Don't... bury your head in your mobile
Try to avoid the comfort offered by your phone and instead engage with people on a personal level. We know Pokemon Go is going to be a craze on campus for a while so, if you do indulge - use it to make new friends.
Do... engage and connect with others
Take the view that everybody is in the same boat and decide that you're going to be the one to start a conversation. At your orientation, introduce yourself to other new students. It may sound clichéd but a simple gesture like this can really kick-start things.
Don't... blow your budget
You have to manage your spending. Make a budget. Write it down. Allow for higher expenditure at the beginning of the year. Limit the amount you borrow - loans have to be paid back! Allow for unexpected, once-off costs. Factor socialising into your budget - you are allowed to enjoy yourself. Take time to shop around when purchasing items. Consider selling items, such as textbooks (once you have finished with them), to make extra money. If you take a part-time job, watch your hours - you are a student, and other aspects of your life should support this, not come into conflict with it.
Do... join clubs and societies
They are a great way to meet people with similar interests to you and to try out something new. These will be your "friends for life".
Don't... think lectures are optional
You will find a great deal of your class materials and notes are made available online by your lecturers. But, they are to aid your study not to replace the lecture or tutorial.
Do... get into good habits
Specifically, good habits of attending all your classes and submitting your work on time. Do both well and you will succeed. College courses take place at a faster pace than at school so you will need to keep up with your readings. Doing a little and doing it often will get you through. Writing your first essay or doing your first assignment can be daunting not because you can't do it, but because you have nothing to measure it against. It is ok to feel apprehensive, but once you get into the habit it will become easier.
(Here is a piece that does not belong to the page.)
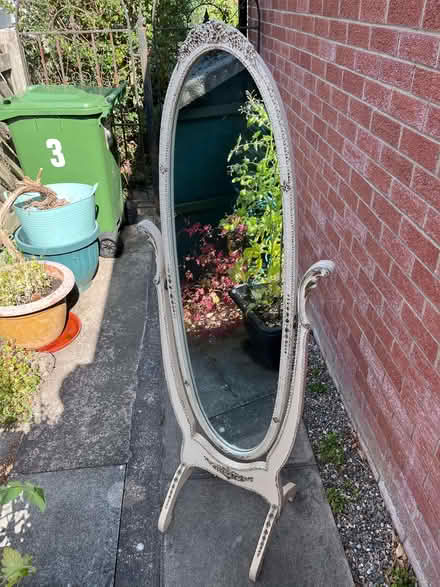 Photo of free Tall standing Mirror Shabby Chic (Oswestry SY11) #1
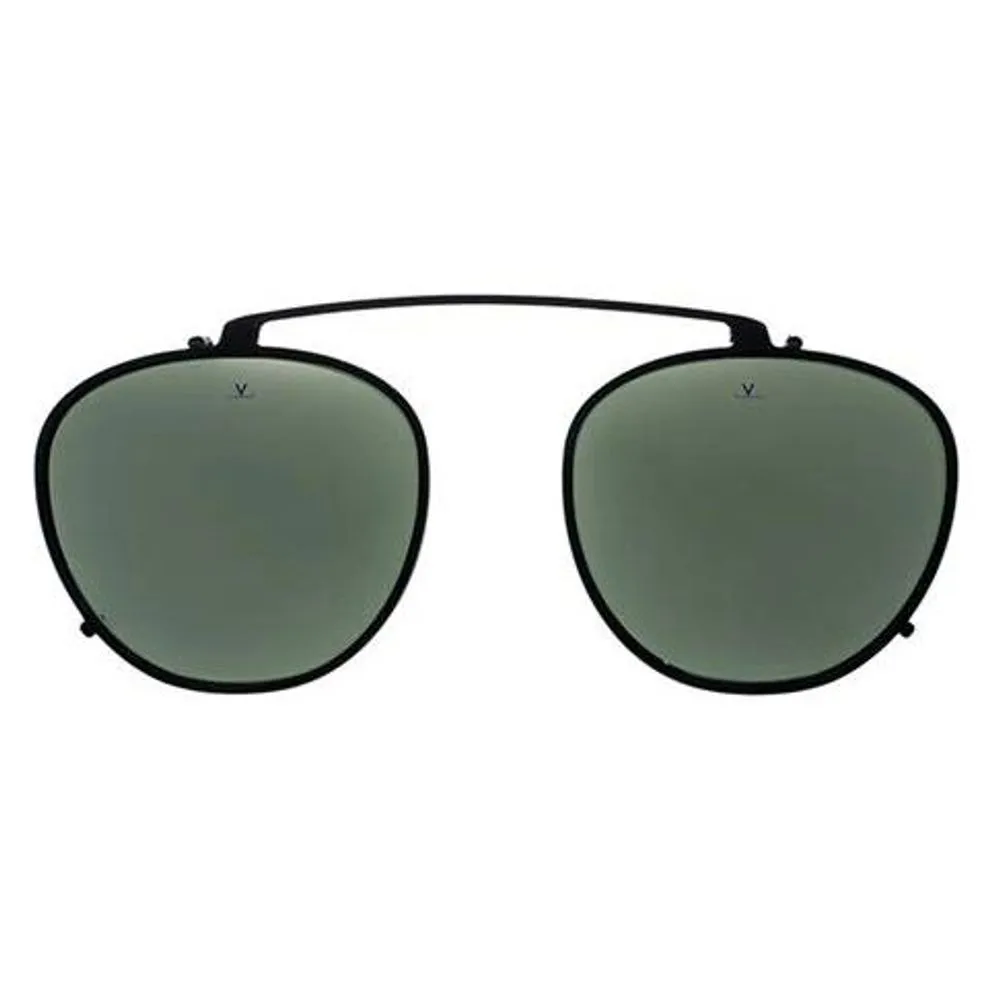 Vuarnet Unisex Black Metal Frames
Don't... expect to be spoon-fed
College is not like school. You're expected to be an independent learner. You're in charge of your time and no one will be checking up on you. You are now responsible for your own learning so get into a structured, disciplined routine early in the year and this will lead to success ultimately.
Do... ask your lecturers and tutors for feedback on your work
While you are expected to take charge of your own learning (no one gives you the answers at this level), your lecturers and tutors will discuss your work and help you if you are stuck on a problem so don't be afraid to approach them.
Don't... go home after class-hang out
Students who commute to and from classes without socialising on campus are more likely to create a cycle whereby they go home because they "don't have friends". But they don't have them because they constantly go home. Give yourself that time to form friendships.
Do... move outside your comfort zone
College is an adventure where you can stretch your imagination and your potential. Challenge yourself by getting involved in something you haven't done before. Colleges are richly diverse communities in which you are invited to challenge and be challenged.
Do... please give yourself time to become a student
Coming to college is a major change. Any major change will take time to take shape so allow yourself this space. You are not expected to arrive as a fully formed scholar and it will take time to adjust to the physical, social and academic environment. You don't need to know everything - the best thing about college is that you get to discover things organically, over time and in your own unique way.
College is demanding so make sure you look after the most important thing - you! Being a student is a juggling act and getting the right balance. .right between study, fun, work, exercise and relaxation is the key to success.